As noted in Mary Gabriel’s excellent new biography, “Notorious Victoria” (Algonquin, $24.95), Woodhull’s early years marked her as anything but a future power broker. The daughter of an inept con man, she married at age 15 to a drunk who abused her. Society frowned on divorce; Woodhull supported her two children and husband with a series of then-suspect jobs including at least one stint as an actress.

In her late 20s, Woodhull teamed with younger sister Tennessee to offer “spiritual” readings. One of their clients was Wall Street tycoon Cornelius Vanderbilt, 73, who found Tennessee Claflin attractive enough to make her both his lover and frequent stocks-tip confidante.

Woodhull had quietly divorced her first husband and taken a second. Disgusted by how many years she had endured a terrible marriage to abide by social mores, she was determined to work toward equal rights for women.

In 1869-70 she and Tennessee used the Vanderbilt connection to move to New York City and open Woodhull, Claflin & Co. The sisters advised mostly female clients. Men were required to state their business and leave, the same sort of treatment extended to distaff customers of male-operated brokerages.

The newspapers couldn’t print enough about this outrageous new company. Woodhull capitalized on her newfound celebrity to deliver a series of well-attended public lectures on the subject of women’s rights. In particular, she wanted the right to vote, arguing the 14th Amendment made all individuals born in the United States its citizens and the 15th Amendment guaranteed all citizens the right to vote.

In 1871, she made her historic appearance before a congressional committee to argue the point. The committee refused to consider the matter, referring her to the courts.

The sisters also began publishing “Woodhull and Claflin’s Weekly,” a newspaper meant to support Woodhull’s political agenda. Editorial contributors included Theodore Tilton, a former ally of the Rev. Henry Beecher, Woodhull’s longtime nemesis. (By way of modern example, he was that era’s Rush Limbaugh to Woodhull’s Hillary Rodham Clinton.)

The “Weekly” was a huge success. Lauded by feminists, reviled by defenders of the status quo, Woodhull decided she must break down the highest political barrier.

In May 1871, she founded the Cosmopolitical Party and announced she would run for president. Her plank included the vote for women.

On May 10 in New York, some 600 delegates to the newly appointed “Equal Rights Convention” nominated Victoria Claflin Woodhull for president and African-American icon Frederick Douglass as vice president. The candidacy made national headlines.

But so did her personal life. In proselytizing for complete rights for women, Woodhull had often been accused of advocating “free love” or promiscuity. This was, in fact, true.

Woodhull practiced this herself, although she also believed long-term monogamy was the ideal. Beecher had many love affairs, but this did not prevent him from attacking Victoria’s morals.
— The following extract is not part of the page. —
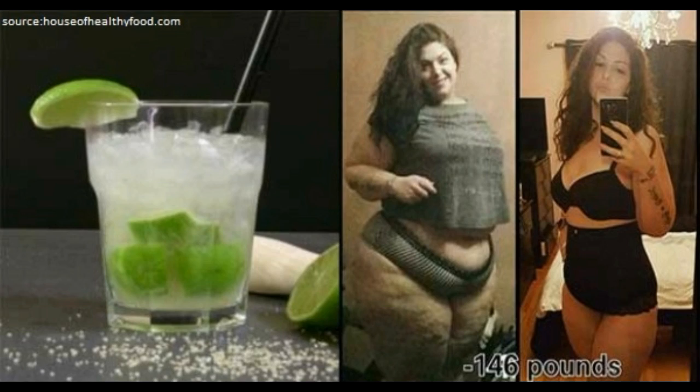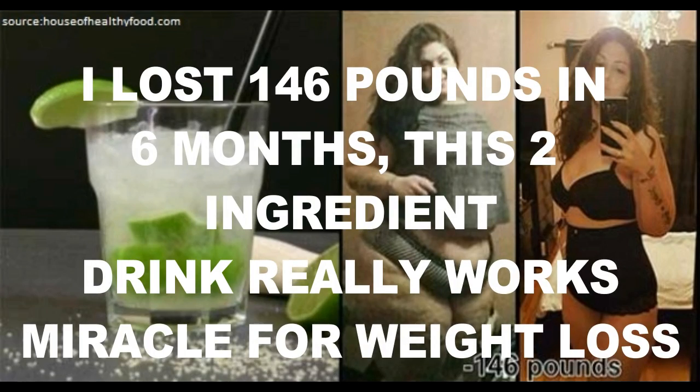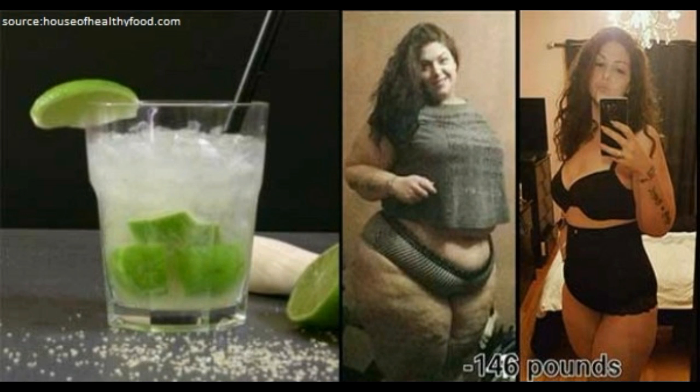I lost 146 pounds in 6 months. This two ingredient drink really works miracles for weight loss. There are supplements and foods which can remove fat and help you in achieving the aim of a slim body. This powerful mixture will help you cut hips and stomach fat.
Led by sister Harriet Beecher Stowe, author of “Uncle Tom’s Cabin,” Beecher’s rich, influential Bostonian family devoted itself to bringing Woodhull down. In their own family newspaper. “The Christian Union,” the Beechers ran a series of short stories whose fictional heroine was the transparent, supposed alter ego of Victoria.

Stung, Victoria responded in the “Weekly.” Her paper delineated Henry Beecher’s peccadillos. But she underestimated her enemy’s venom and influence.

On Nov. 5, 1872, America voted for president. Woodhull was a declared candidate, but she was unable to vote for herself, both because women did not have that right and because she was in prison.

It seems the “Weekly” was mailed to some subscribers. Because the Beecher article included salacious details, one of the reverend’s supporters was able to have Victoria charged with sending obscene materials by post. She was arrested and held almost three weeks before she was allowed bail. By then, the election was over.

Trials and civil lawsuits connected with the Beecher story occupied Woodhull for several years. She was eventually exonerated, but the process left her bankrupt. Woodhull disappeared from the public arena. She died in 1927 at 88. Only six people attended her funeral. W.H.B. Yerborough, the presiding minister, noted Victoria had been “one of the twice born, the people of genius, not always understood or appreciated as they should be by the more dull once born.”